> [Records for processing]
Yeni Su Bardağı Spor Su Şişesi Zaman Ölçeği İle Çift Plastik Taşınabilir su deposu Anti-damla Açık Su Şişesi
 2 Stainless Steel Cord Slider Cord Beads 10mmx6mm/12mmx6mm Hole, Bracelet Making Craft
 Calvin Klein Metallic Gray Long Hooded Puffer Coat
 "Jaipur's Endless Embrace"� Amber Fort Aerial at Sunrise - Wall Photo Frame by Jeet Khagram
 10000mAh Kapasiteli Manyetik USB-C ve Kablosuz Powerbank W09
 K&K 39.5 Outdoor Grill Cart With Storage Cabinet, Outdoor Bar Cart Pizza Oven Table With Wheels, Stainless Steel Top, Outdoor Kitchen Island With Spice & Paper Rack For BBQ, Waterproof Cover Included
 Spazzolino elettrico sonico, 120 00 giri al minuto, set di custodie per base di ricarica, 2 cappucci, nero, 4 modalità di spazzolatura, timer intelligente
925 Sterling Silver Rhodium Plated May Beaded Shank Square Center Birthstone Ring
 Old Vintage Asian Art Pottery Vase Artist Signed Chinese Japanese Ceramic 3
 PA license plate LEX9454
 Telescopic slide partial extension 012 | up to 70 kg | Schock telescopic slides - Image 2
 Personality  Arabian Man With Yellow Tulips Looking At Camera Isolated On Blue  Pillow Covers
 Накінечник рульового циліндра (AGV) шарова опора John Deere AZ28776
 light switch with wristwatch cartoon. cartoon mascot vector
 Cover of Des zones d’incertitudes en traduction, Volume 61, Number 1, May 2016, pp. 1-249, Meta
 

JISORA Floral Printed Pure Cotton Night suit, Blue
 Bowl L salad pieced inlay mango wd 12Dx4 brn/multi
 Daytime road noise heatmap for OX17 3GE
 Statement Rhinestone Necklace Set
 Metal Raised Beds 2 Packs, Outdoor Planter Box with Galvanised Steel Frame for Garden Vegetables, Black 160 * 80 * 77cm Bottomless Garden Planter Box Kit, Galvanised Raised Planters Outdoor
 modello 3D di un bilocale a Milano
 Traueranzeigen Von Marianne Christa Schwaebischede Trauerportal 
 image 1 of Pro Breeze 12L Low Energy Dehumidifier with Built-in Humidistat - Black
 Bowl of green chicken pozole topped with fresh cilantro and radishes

> [Exercise instructions]
In the answer, give the lines from the first line of the data through the line with "Arabian Man With", exactly as they appear and with no additions.

> [Expected answer]
Yeni Su Bardağı Spor Su Şişesi Zaman Ölçeği İle Çift Plastik Taşınabilir su deposu Anti-damla Açık Su Şişesi
 2 Stainless Steel Cord Slider Cord Beads 10mmx6mm/12mmx6mm Hole, Bracelet Making Craft
 Calvin Klein Metallic Gray Long Hooded Puffer Coat
 "Jaipur's Endless Embrace"� Amber Fort Aerial at Sunrise - Wall Photo Frame by Jeet Khagram
 10000mAh Kapasiteli Manyetik USB-C ve Kablosuz Powerbank W09
 K&K 39.5 Outdoor Grill Cart With Storage Cabinet, Outdoor Bar Cart Pizza Oven Table With Wheels, Stainless Steel Top, Outdoor Kitchen Island With Spice & Paper Rack For BBQ, Waterproof Cover Included
 Spazzolino elettrico sonico, 120 00 giri al minuto, set di custodie per base di ricarica, 2 cappucci, nero, 4 modalità di spazzolatura, timer intelligente
925 Sterling Silver Rhodium Plated May Beaded Shank Square Center Birthstone Ring
 Old Vintage Asian Art Pottery Vase Artist Signed Chinese Japanese Ceramic 3
 PA license plate LEX9454
 Telescopic slide partial extension 012 | up to 70 kg | Schock telescopic slides - Image 2
 Personality  Arabian Man With Yellow Tulips Looking At Camera Isolated On Blue  Pillow Covers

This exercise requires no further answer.